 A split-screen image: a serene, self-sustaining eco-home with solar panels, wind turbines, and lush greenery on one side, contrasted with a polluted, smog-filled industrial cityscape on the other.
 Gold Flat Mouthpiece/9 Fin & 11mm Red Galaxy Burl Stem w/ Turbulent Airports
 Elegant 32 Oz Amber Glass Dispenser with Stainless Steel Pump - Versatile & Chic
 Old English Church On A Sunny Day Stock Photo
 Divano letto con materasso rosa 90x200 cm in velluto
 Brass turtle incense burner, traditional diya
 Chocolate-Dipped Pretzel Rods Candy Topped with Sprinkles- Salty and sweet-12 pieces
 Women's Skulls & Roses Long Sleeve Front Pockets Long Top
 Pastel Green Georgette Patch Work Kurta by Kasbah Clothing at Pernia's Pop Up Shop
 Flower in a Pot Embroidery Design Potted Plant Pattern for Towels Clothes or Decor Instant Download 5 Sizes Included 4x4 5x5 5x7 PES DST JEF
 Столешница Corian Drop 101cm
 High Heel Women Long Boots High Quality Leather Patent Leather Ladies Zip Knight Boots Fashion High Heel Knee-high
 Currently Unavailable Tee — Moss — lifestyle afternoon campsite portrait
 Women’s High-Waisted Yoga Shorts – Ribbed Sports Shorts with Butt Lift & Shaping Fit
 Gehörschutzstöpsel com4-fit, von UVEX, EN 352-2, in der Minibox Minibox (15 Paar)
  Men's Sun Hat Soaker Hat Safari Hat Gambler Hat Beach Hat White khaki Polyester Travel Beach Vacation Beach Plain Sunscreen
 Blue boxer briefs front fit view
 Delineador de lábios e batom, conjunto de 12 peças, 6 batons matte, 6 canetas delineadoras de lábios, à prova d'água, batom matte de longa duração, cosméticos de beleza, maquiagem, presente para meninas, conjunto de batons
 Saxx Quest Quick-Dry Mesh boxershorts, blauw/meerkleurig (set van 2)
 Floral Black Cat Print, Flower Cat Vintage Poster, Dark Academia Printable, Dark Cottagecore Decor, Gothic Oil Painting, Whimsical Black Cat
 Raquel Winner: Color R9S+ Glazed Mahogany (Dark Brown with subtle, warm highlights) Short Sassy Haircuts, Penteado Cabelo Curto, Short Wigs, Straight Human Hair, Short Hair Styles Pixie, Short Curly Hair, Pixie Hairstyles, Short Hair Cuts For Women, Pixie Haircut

Assigned task =>
Copy out the entire listing above exactly.

Answer space =>
 A split-screen image: a serene, self-sustaining eco-home with solar panels, wind turbines, and lush greenery on one side, contrasted with a polluted, smog-filled industrial cityscape on the other.
 Gold Flat Mouthpiece/9 Fin & 11mm Red Galaxy Burl Stem w/ Turbulent Airports
 Elegant 32 Oz Amber Glass Dispenser with Stainless Steel Pump - Versatile & Chic
 Old English Church On A Sunny Day Stock Photo
 Divano letto con materasso rosa 90x200 cm in velluto
 Brass turtle incense burner, traditional diya
 Chocolate-Dipped Pretzel Rods Candy Topped with Sprinkles- Salty and sweet-12 pieces
 Women's Skulls & Roses Long Sleeve Front Pockets Long Top
 Pastel Green Georgette Patch Work Kurta by Kasbah Clothing at Pernia's Pop Up Shop
 Flower in a Pot Embroidery Design Potted Plant Pattern for Towels Clothes or Decor Instant Download 5 Sizes Included 4x4 5x5 5x7 PES DST JEF
 Столешница Corian Drop 101cm
 High Heel Women Long Boots High Quality Leather Patent Leather Ladies Zip Knight Boots Fashion High Heel Knee-high
 Currently Unavailable Tee — Moss — lifestyle afternoon campsite portrait
 Women’s High-Waisted Yoga Shorts – Ribbed Sports Shorts with Butt Lift & Shaping Fit
 Gehörschutzstöpsel com4-fit, von UVEX, EN 352-2, in der Minibox Minibox (15 Paar)
  Men's Sun Hat Soaker Hat Safari Hat Gambler Hat Beach Hat White khaki Polyester Travel Beach Vacation Beach Plain Sunscreen
 Blue boxer briefs front fit view
 Delineador de lábios e batom, conjunto de 12 peças, 6 batons matte, 6 canetas delineadoras de lábios, à prova d'água, batom matte de longa duração, cosméticos de beleza, maquiagem, presente para meninas, conjunto de batons
 Saxx Quest Quick-Dry Mesh boxershorts, blauw/meerkleurig (set van 2)
 Floral Black Cat Print, Flower Cat Vintage Poster, Dark Academia Printable, Dark Cottagecore Decor, Gothic Oil Painting, Whimsical Black Cat
 Raquel Winner: Color R9S+ Glazed Mahogany (Dark Brown with subtle, warm highlights) Short Sassy Haircuts, Penteado Cabelo Curto, Short Wigs, Straight Human Hair, Short Hair Styles Pixie, Short Curly Hair, Pixie Hairstyles, Short Hair Cuts For Women, Pixie Haircut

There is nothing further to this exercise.